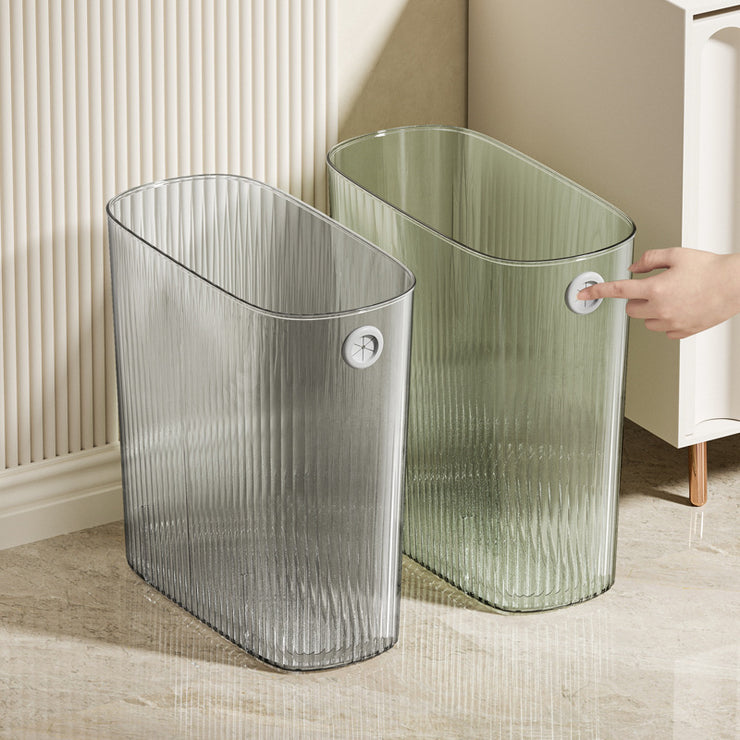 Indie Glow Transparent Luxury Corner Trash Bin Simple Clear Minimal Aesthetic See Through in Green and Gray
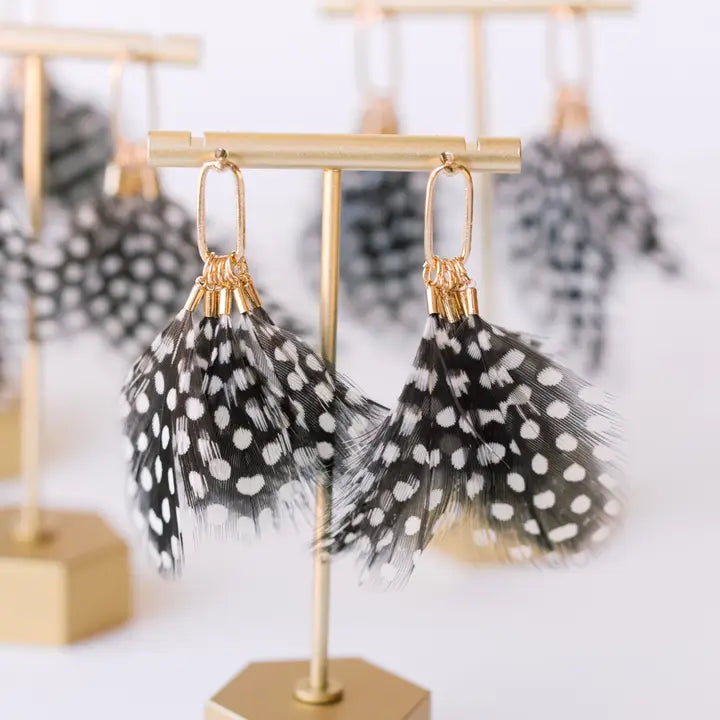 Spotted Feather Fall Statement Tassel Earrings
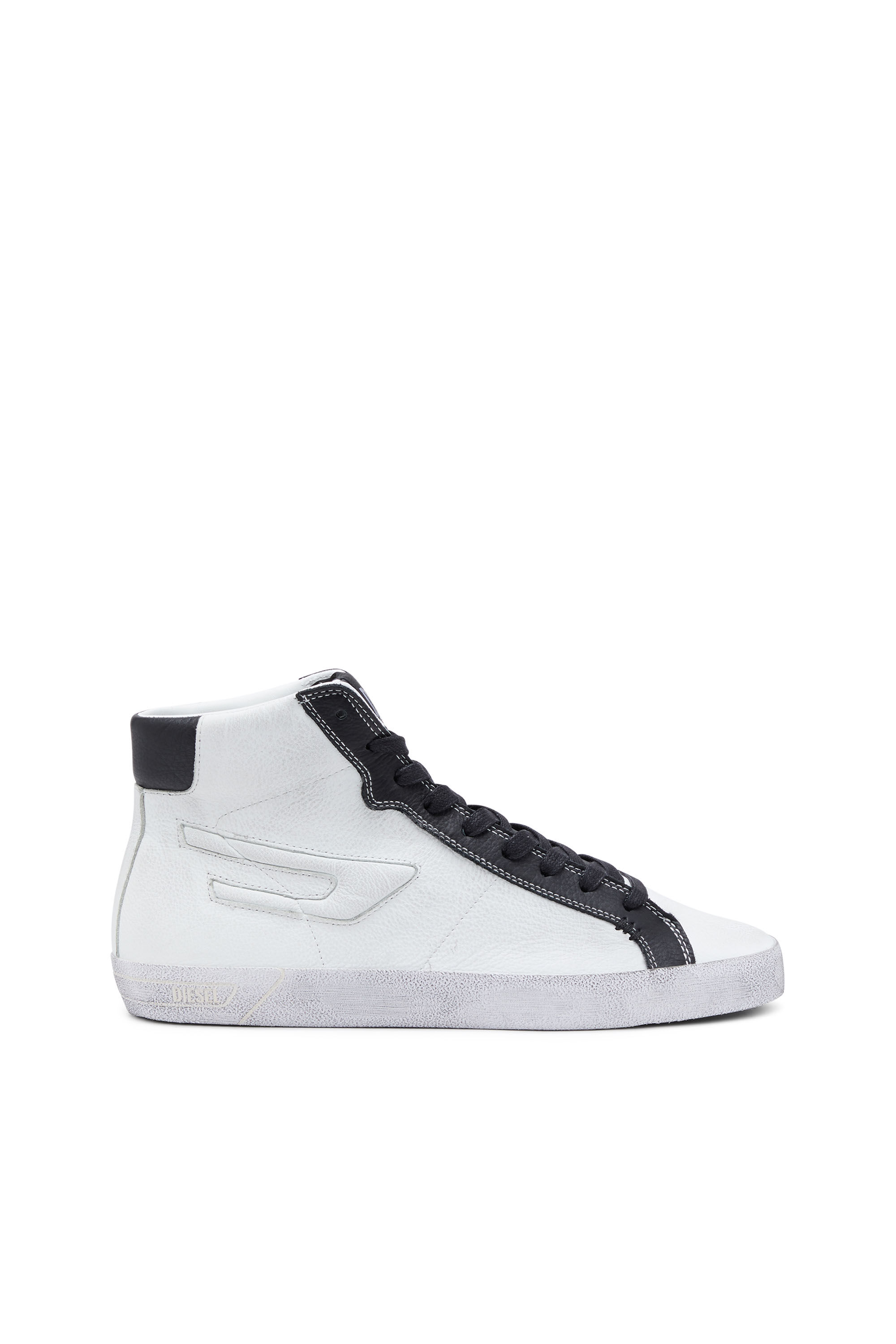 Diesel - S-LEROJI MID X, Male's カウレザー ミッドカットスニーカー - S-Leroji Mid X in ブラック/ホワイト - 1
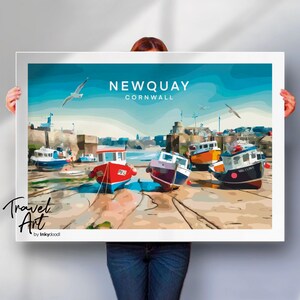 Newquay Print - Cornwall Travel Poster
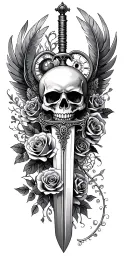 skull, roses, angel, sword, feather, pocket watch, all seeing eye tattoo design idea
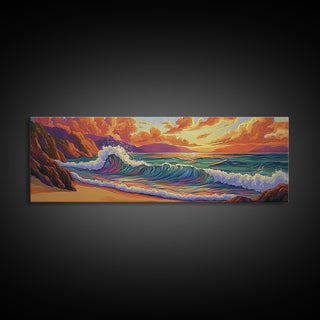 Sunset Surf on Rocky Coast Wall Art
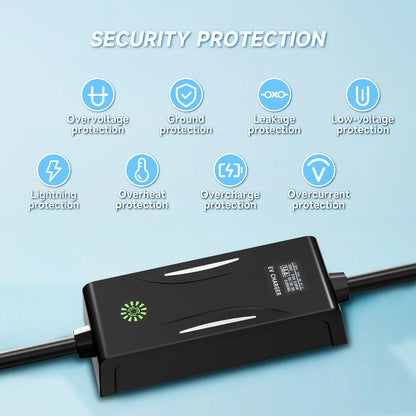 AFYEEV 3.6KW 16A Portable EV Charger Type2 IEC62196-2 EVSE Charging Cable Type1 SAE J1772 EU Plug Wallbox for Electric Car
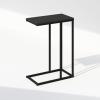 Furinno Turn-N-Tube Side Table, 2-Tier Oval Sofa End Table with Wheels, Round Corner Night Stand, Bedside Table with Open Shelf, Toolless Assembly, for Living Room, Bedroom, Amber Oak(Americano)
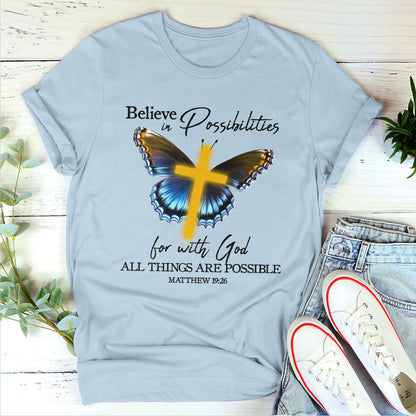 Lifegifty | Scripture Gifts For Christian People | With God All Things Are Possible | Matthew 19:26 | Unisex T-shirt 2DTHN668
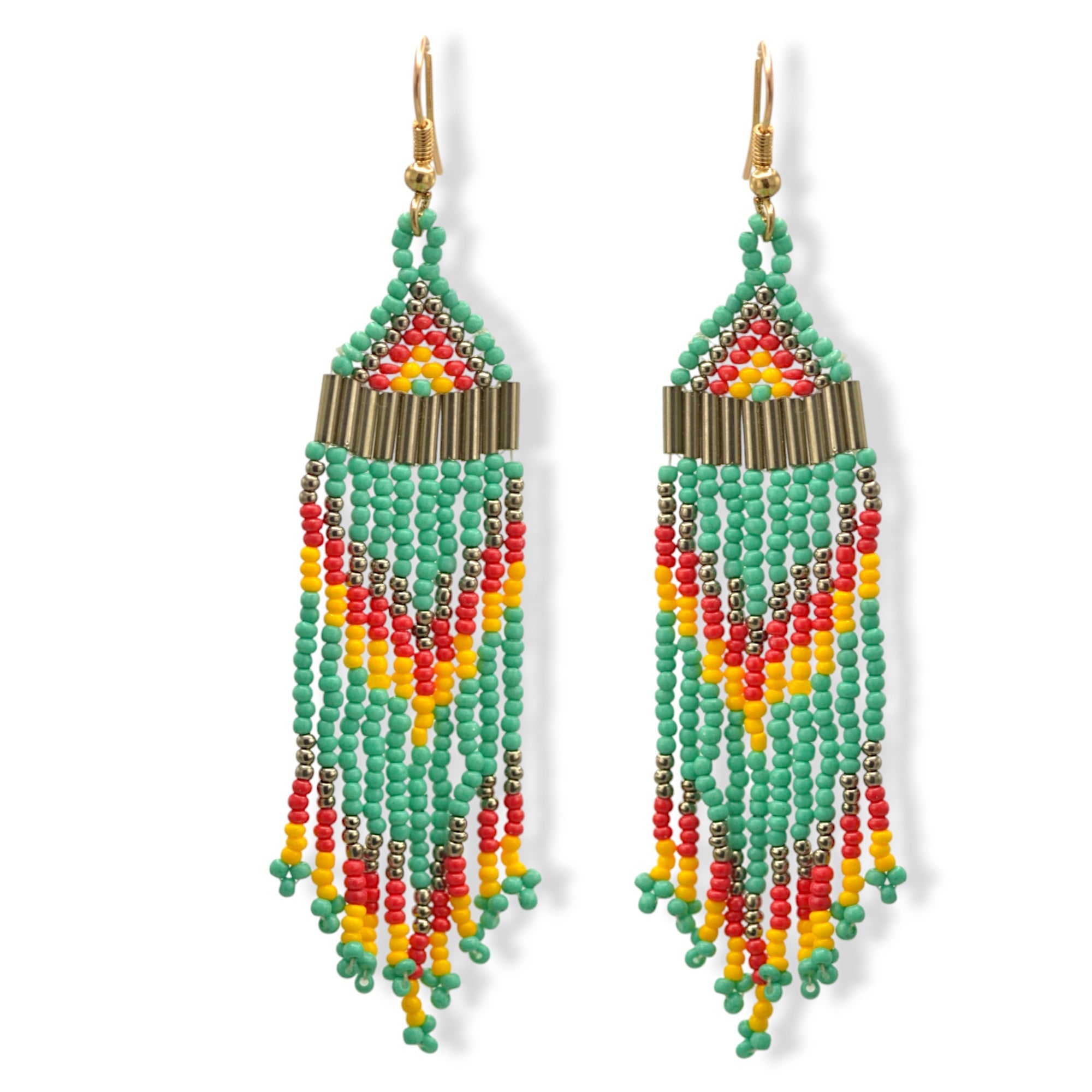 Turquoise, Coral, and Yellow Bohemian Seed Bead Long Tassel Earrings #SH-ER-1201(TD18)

──────────

* **About this task**: Begin with the line containing "AFYEEV 3.6KW 16A", stop at the last line of the records above, and copy every line in between exactly, both ends included, with no pictures.

* **Response box**:
 AFYEEV 3.6KW 16A Portable EV Charger Type2 IEC62196-2 EVSE Charging Cable Type1 SAE J1772 EU Plug Wallbox for Electric Car
 Furinno Turn-N-Tube Side Table, 2-Tier Oval Sofa End Table with Wheels, Round Corner Night Stand, Bedside Table with Open Shelf, Toolless Assembly, for Living Room, Bedroom, Amber Oak(Americano)
 Lifegifty | Scripture Gifts For Christian People | With God All Things Are Possible | Matthew 19:26 | Unisex T-shirt 2DTHN668
 Turquoise, Coral, and Yellow Bohemian Seed Bead Long Tassel Earrings #SH-ER-1201(TD18)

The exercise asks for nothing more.